The entries are to be reproduced verbatim, and their pictures left out.
Listed entries Start Marker
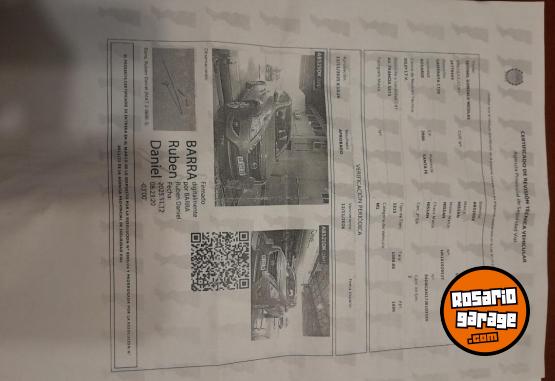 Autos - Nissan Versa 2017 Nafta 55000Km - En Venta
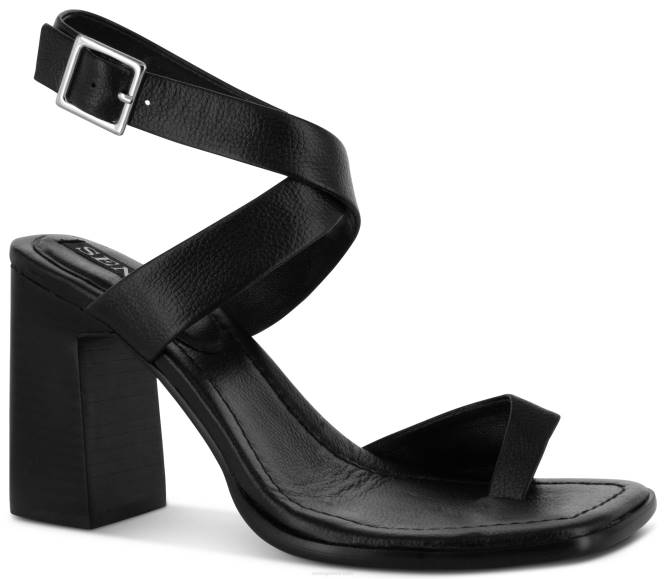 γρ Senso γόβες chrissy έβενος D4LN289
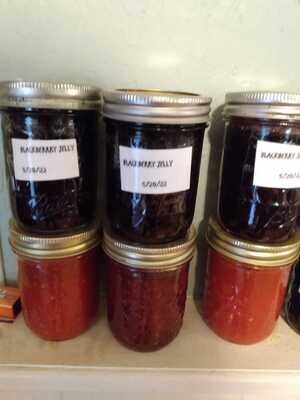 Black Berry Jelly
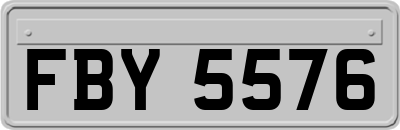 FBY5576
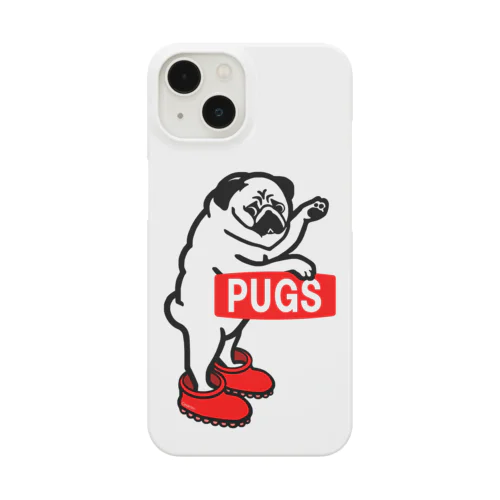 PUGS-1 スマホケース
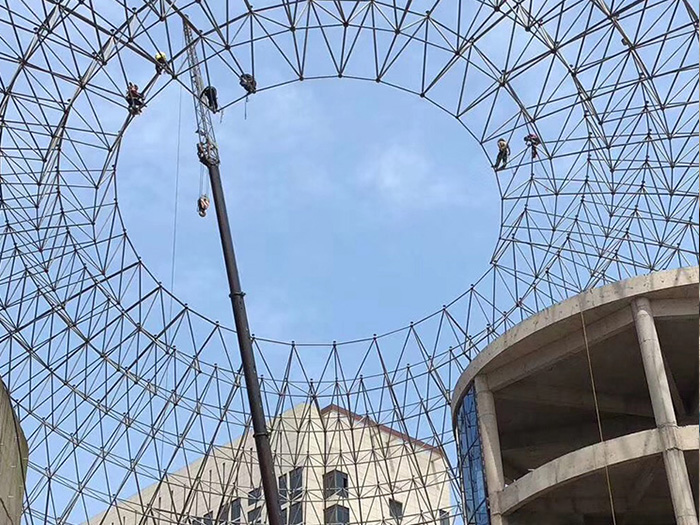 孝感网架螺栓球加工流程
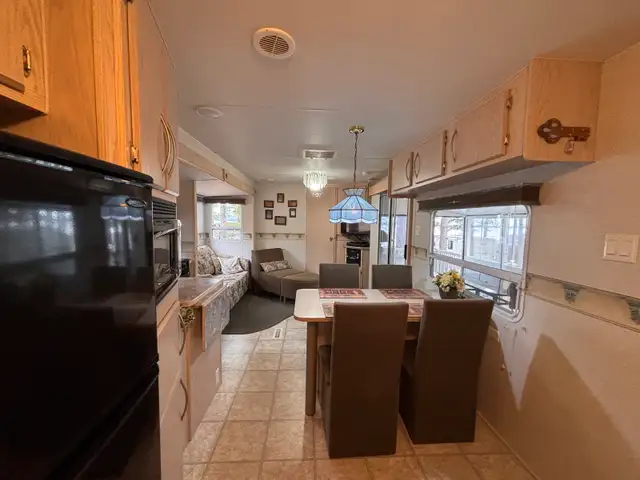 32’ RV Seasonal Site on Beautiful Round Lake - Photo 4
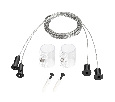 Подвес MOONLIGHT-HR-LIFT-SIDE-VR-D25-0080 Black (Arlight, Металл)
Listed entries End Marker
→ **Answer to this task**
 Autos - Nissan Versa 2017 Nafta 55000Km - En Venta
 γρ Senso γόβες chrissy έβενος D4LN289
 Black Berry Jelly
 FBY5576
 PUGS-1 スマホケース
 孝感网架螺栓球加工流程
 32’ RV Seasonal Site on Beautiful Round Lake - Photo 4
 Подвес MOONLIGHT-HR-LIFT-SIDE-VR-D25-0080 Black (Arlight, Металл)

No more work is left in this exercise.